One of the fortunate companies to see a surge in demand during the Covid-19 pandemic, StockX recently raised $255 million in a funding round that valued the company at $3.8 billion. During an Inc. Real Talk conversation on Wednesday, Cutler, who took the reins of StockX in 2019, shared some insights on the future of e-commerce, as he sees it.
Consumers have more price-setting power
The rise of live marketplaces like eBay and StubHub has left consumers accustomed to controlling the value of products. It's up to them to decide whether $700 is a fair price for a pair of limited-edition Yeezy sneakers, according to Cutler.
"There's a new power in the consumer," said Cutler. He added that there's also a shift in behavior from brands and how they're releasing new products. Brands are increasingly embarking on collaborations and limited releases that increase the value of certain products, while consumers are treating collectibles like sneakers or trading cards as investments.
"They're looking at this as an asset class that they can not only consume but that they can trade and that will increase in value over time, which creates this flywheel opportunity and a real dynamic marketplace experience," Cutler said.
Consumers want a direct relationship with brands
Interaction between customers and brands on social media has increased as a result of the pandemic, according to Cutler, who said he's also seeing significant shifts in the way some of the biggest brands in the world are approaching their customers.
Brands must now think about how to reach customers in new digital formats, and also figure out how to get customers to interact with them multiple times, he said. "It's shifting away from traditional retail channels and into a more dynamic experience where retail is going to continue to be a component, but increasingly digital experiences are replacing the physical world," Cutler said.
Product experience trumps marketing
Rather than put all their energy into marketing, businesses should focus more on their product experience, according to Cutler. "All the marketing in the world doesn't really matter if the product experience isn't differentiated," he said.
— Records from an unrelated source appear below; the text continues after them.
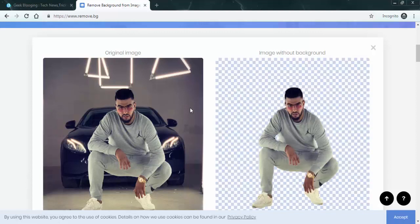But the website managed to delete the background successfully. Now, a couple of things here. First one is the maximum file size of the image that you can drag into remove.bg is only five megabytes.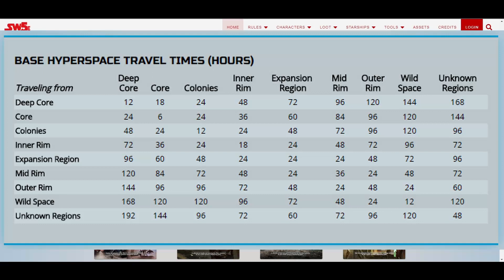If your ship doesn't have a class 1 hyperdrive, simply multiply the hours listed here by the class of your ship's hyperdrive. For example, for a ship with a class 2 hyperdrive to travel from the inner rim to the outer rim, it takes 144 hours, since 72 times 2 is 144, or 6 days.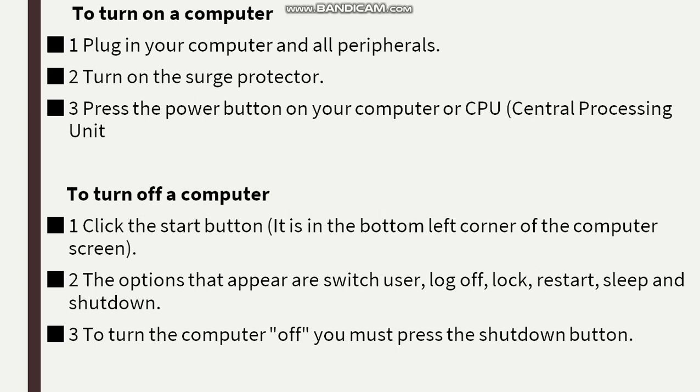We need to make sure when we are turning off our computer that we shut it down properly, and all programs that are running on the computer are shut down properly, because we could damage your computer memory that way.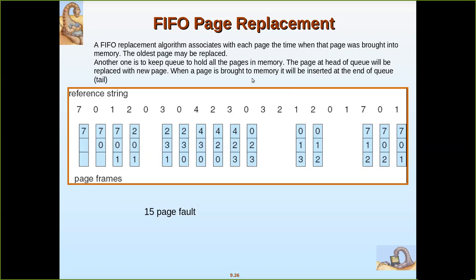Another approach is to keep a queue to hold all the pages in memory. Whichever page comes in first enters the queue first, and pages coming later are added at the tail. The victim to be replaced is always the one at the head of the queue.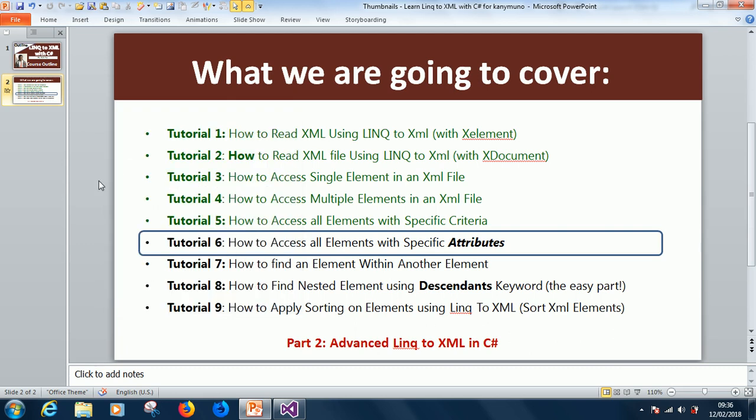Hello, I'm Kainton, The Tech Pro, and today we are going to continue from tutorial 6 — how to access all elements with a specific attribute in an XML file.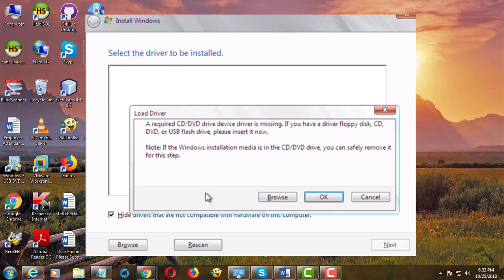Welcome viewer, I am Muruganes. This video tutorial describes the solution for a required CD or DVD drive device driver is missing error in Windows 7 USB installation.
For StockX, making the product experience great meant adding the ability for consumers to trade and profit from the products.
"At first, it was about access--access to a product you couldn't get in a retail setting," Cutler said. "Now it's, 'Can you provide an opportunity for trading that asset and unlocking the economic opportunity associated with an asset class that can be traded digitally and not physically?' That's certainly a big part of our future as a platform."